Traditional approach:
- Prepare $\ket{+} \propto \ket{0} + \ket{1}$, measure “click” w/ pr.:
$
\|\bra{+} \ee^{\ii \omega t \sigma_z / 2} \ket{+}\|^2 = \cos^2(\omega t / 2)
$.
- Repeat for many “shots” to estimate click pr.
- Repeat for many times to estimate signal.

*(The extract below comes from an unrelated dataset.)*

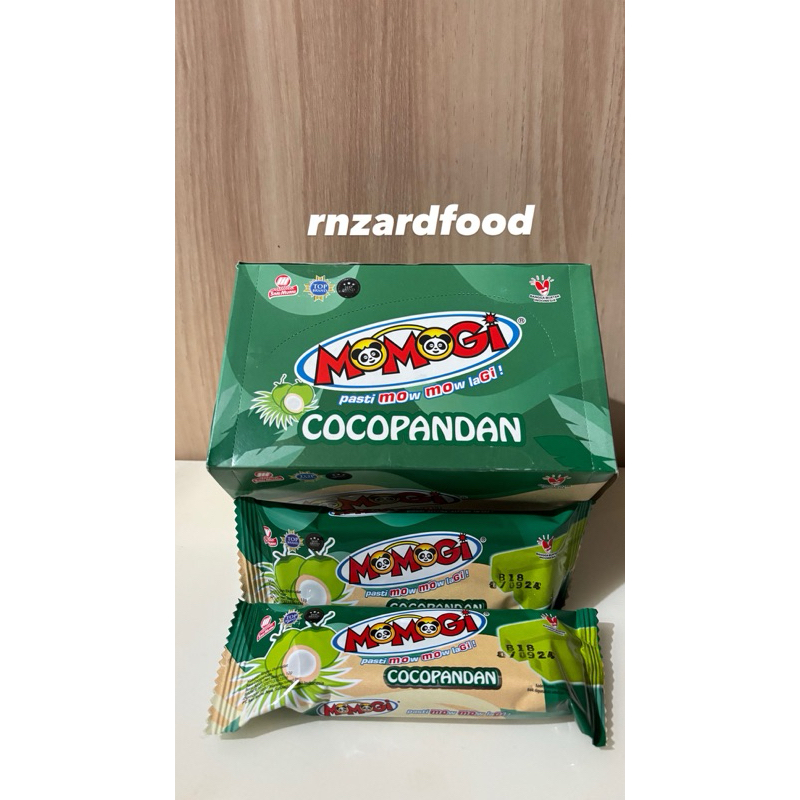 

MOMOGI COCO PANDAN ECER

You'll get something that looks a bit like this:
What's $\omega$? Fourier transform and look at the peak.
We can do better.
# $H = H(\vec{x})$. #
Hamiltonian learning is a special case of *parameter estimation*:
given data $D$, what is $\vec{x}$?
We want an approach that can work for small and large quantum devices
alike.
Punchline: our algorithm can
characterize 50-qubit devices.
\begin{align}
H & = \sum_{i = 1}^{50} \sum_{j = 1}^{50} \omega_{ij}
\sigma_z^{(i)} \sigma_z^{(j)}, \\
\omega_{i,j} & \sim \operatorname{Uniform}\left(0, 10^{-2 (|i - j| - 1)}\right).
\end{align}
To get there, we consider several different approaches to
parameter estimation.
-
Analytic
Sergeevich et al. c4vv95
Ferrie, Granade, and Cory tfx
-
Rejection filter
Wiebe and Granade bk9d
-
Particle filter
Doucet et al. bmch
-
Likelihood-free particle filter
Ferrie and Granade tdj
-
Quantum bootstrapping
Wiebe, Granade and Cory 7nx
### The Likelihood Function ###
$\|\bra{+} \ee^{\ii \omega t \sigma_z / 2} \ket{+}\|^2$
defines probability $\Pr(d | \omega; t)$ for every
outcome $d$, model $\omega$ and experiment $t$.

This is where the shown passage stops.